Right. The spec says "don't do this". But I believe it was asserted
that some implementations do this. That said, I'm not aware of any
such implementations. I would be willing to remove this sentence in
the absence of known implementations of this.

> 4. Sec 7.2 must also discuss the scaling impact of how the neighbor
>  cache is maintained in IPv6 - especially the impact of moving the
>  neighbor state from REACHABLE to STALE. Once the "IPv6 ARP" gets
>  resolved the neighbor entry moves from the REACHABLE to STALE after
>  around 30secs. The neighbor entry remains in this state till a
>  packet needs to be forwarded to this neighbor. The first time a
>  node sends a packet to a neighbor whose entry is STALE, the sender
>  changes the state to DELAY and sets a timer to expire in around 5
>  seconds. Most routers initiate moving the state from STALE to DELAY
>  by punting a copy of the data packet to CPU so that the sender can
>  reinitiate the Neighbor discovery process. This patently can be
>  quite CPU and buffer intensive if the neighbor cache size is huge.

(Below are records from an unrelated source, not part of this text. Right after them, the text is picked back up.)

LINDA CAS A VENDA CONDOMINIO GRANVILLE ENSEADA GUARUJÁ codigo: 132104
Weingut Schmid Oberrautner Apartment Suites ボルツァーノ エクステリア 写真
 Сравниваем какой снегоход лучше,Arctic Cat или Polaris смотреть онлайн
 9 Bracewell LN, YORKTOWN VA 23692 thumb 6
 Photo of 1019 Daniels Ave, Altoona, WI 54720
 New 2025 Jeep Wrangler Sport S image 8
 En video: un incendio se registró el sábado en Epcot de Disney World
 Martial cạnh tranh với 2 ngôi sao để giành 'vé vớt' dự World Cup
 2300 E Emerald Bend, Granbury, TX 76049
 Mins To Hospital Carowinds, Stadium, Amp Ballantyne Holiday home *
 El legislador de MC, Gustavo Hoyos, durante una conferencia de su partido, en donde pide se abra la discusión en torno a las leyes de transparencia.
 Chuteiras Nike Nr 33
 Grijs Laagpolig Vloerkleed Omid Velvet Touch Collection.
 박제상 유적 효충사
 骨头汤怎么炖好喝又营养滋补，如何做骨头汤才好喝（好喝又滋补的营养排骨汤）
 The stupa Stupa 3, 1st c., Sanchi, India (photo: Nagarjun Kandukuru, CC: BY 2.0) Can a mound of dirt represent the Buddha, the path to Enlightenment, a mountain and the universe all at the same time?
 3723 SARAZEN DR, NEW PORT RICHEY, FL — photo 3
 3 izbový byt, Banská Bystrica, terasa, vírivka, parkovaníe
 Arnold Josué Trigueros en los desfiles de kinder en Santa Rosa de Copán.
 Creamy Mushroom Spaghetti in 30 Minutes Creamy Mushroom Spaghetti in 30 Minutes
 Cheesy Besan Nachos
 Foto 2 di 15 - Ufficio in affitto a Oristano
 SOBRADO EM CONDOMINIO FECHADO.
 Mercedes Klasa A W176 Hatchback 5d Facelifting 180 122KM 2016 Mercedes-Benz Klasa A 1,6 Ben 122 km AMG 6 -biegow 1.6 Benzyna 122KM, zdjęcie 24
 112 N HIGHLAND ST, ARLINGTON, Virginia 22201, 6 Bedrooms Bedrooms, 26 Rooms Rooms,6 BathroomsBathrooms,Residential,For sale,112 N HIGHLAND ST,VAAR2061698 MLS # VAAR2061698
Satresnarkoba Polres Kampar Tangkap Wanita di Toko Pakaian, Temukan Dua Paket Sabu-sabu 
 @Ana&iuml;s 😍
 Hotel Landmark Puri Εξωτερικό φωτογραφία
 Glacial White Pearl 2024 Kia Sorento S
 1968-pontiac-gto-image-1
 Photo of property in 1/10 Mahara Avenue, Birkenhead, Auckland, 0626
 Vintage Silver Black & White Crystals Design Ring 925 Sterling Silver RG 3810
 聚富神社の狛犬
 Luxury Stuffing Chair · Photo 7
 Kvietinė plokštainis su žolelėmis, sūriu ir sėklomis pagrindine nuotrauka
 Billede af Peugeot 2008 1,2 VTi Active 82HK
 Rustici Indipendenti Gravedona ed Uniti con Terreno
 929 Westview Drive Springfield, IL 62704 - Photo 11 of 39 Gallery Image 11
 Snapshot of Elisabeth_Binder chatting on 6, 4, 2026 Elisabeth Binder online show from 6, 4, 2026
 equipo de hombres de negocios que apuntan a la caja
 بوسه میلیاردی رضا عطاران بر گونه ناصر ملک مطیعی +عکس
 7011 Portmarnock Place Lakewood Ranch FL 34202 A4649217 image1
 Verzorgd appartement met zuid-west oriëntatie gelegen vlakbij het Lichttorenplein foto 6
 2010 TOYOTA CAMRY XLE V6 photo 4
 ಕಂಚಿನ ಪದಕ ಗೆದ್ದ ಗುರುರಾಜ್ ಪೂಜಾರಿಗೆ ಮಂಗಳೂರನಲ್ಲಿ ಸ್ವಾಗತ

This could be. But the WG did not report such specific details in
terms of actual problems reported from deployments.

Care to say more about what these "most implementations" are and how
common they are? And are they the *only* way to implement this
feature, or have other vendors chosen different implementations
without this limitation?

That said, I could add the following to the document:

	Routers implementing NUD (for neighboring destinations) will
	need to process neighbor cache state changes such as
	transitioning entries from REACHABLE to STALE. How this
	capability is implemented may impact the scalabability of ND
	on a router. For example, one possible implementation is to
	have the forwarding operation detect when an ND entry is
	referenced that needs to transition from REACHABLE to STALE,
	by signalling an event that would need to be processed by the
	software processor. Such an implementation could increase the
	load on the service processor much in the same way that a high
	rate of ARP requests have led to problems on some routers.

> Minor Issues:

> 1. Sec 2 - Terminology should define Address Resolution as this
>  seems to be the core issue that the draft is discussing.

> Address Resolution: Address resolution is the process through which
>  a node determines the link-layer address of a neighbor given only
>  its IP address.  In IPv6, address resolution is performed as part
>  of Neighbor Discovery [RFC4861], Section 7.2.

How about:

	  <t hangText="Address Resolution:">
	    the process of determining the link-layer address
	    corresponding to a given IP address. In IPv4, address
	    resolution is performed by ARP <xref target="RFC0826">; in
	    IPv6, it is provided by Neighbor Discovery
	    (ND) <xref target="RFC4861"></xref>.

> 2. In Sec 7.1 you mention that routers need to drop all transit
>  traffic when there is no response received for an ARP/ND
>  request. You should mention that in addition to this, routers also
>  need to send an ICMP host unreachable error packet back to the
>  sender. ICMP error packets are generated in the control card
>  CPU. So, if the CPU has to generate a high number of such ICMP
>  errors then this can load the CPU. The whole process can be quite
>  CPU as well as buffer intensive. The CPU/buffer overload is usually
>  mitigated by rate limiting the number of ICMP errors generated.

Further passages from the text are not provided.